My attitude makes me feel guilty. God knows, our ascetic president has given PBS enough trouble. But the fact is that I find myself nowadays drawn only to its musical programs-with decreasing frequency. No doubt there is an explanation for their sameness and the distorted picture they give of the world of serious music. It was the present record that set off this train of thought. Want to hear a tenor? You get a choice of Luciano or Placido. A conductor? It's Jimmy or Lenny or Zubin. A violinist? We have Pinchas or Itzhak. And so on with Joan and Marilyn and Wynton and the flute-playing leprechaun, etc., etc.

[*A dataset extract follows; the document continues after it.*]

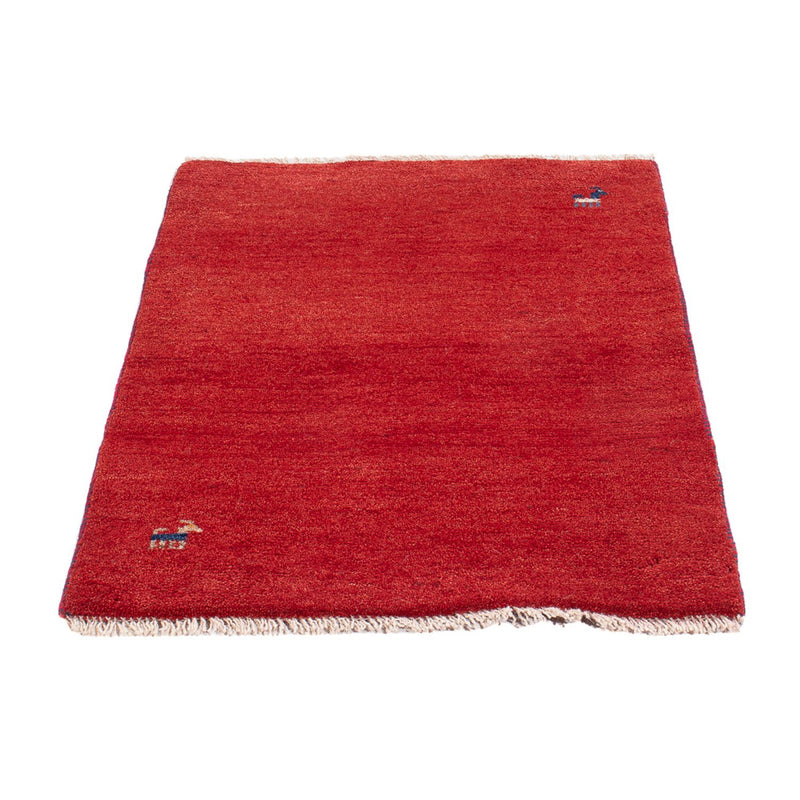 Tapis Gabbeh - Persan - 87 x 62 cm - rouge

I have nothing against these people--far from it! They are all splendid musicians, some of them undoubtedly the best around, and people I'd go out of my way to hear. But a little variety might be welcome, except that it probably would not draw the audiences that these people do, thanks to effective publicity staffs. Once in a while I'd like to see-hear, for ex­ample, Elly Ameling or Fischer-Dieskau or Badura-Skoda or Oscar Shumsky or Claudio Abbado. But I doubt it'll ever happen.

Well, anyhow, here we are with another volume of the Beethoven fiddle sonatas, played by two of the musically fairest-­haired boys of our time. I have already pointed out that, when it was issued abroad, the series met with universal and virtually unqualified applause, on purely musical grounds that seem to have had nothing to do with PR or glamour. Zuker­man and Barenboim are two of the most talented musicians presently before the public, and the fact that they are friends who have played together for years does not hurt their case one whit.

Beethoven first tackled a violin sonata (really a piano-and-violin sonata) under cir­cumstances that remain obscure, around 1790, but did not complete it. His first suc­cessful effort was begun in 1797 and culminated the next year in a set of three, which he dedicated to Salieri, with whom he took sporadic lessons in vocal composi­tion around that time. What Salieri thought of them we don't know--though later he took such a dislike to Beethoven's "moder­nism" that the latter pronounced him his enemy. (Did Salieri kill Beethoven? Answer: No, for. he predeceased him by two years.) Though the works strike us as relatively unadventurous, we know that friends of Haydn's already considered them unforgivably dissonant. After that Beethoven went on turning out such pieces on an almost-yearly basis, reaching no. 9 (the "Kreutzer") in 1803. It was followed only by the nameless no. 10, nine years later.

The "Kreutzer," later dedicated to violinist Rodolphe Kreutzer (and the title source of a famous story by Tolstoy), was put together for George Augustus Polgreen Bridgetower. Bridgetower, a violin vir­tuoso and sometime prodigy, was the son of a black African father and a white Euro­pean mother. Beethoven met him in Vien­na in the spring of 1803 and promised him a sonata. But he dawdled over the first two movements until mid-May, when he found he was to accompany Bridgetower in a concert. He dashed off the rest of the slow movement (too late to have it copied) and tacked on a discarded finale for the Sixth Sonata (A major). Surprisingly, the finish­ed product was not only a success, but is generally rated the peak of the series.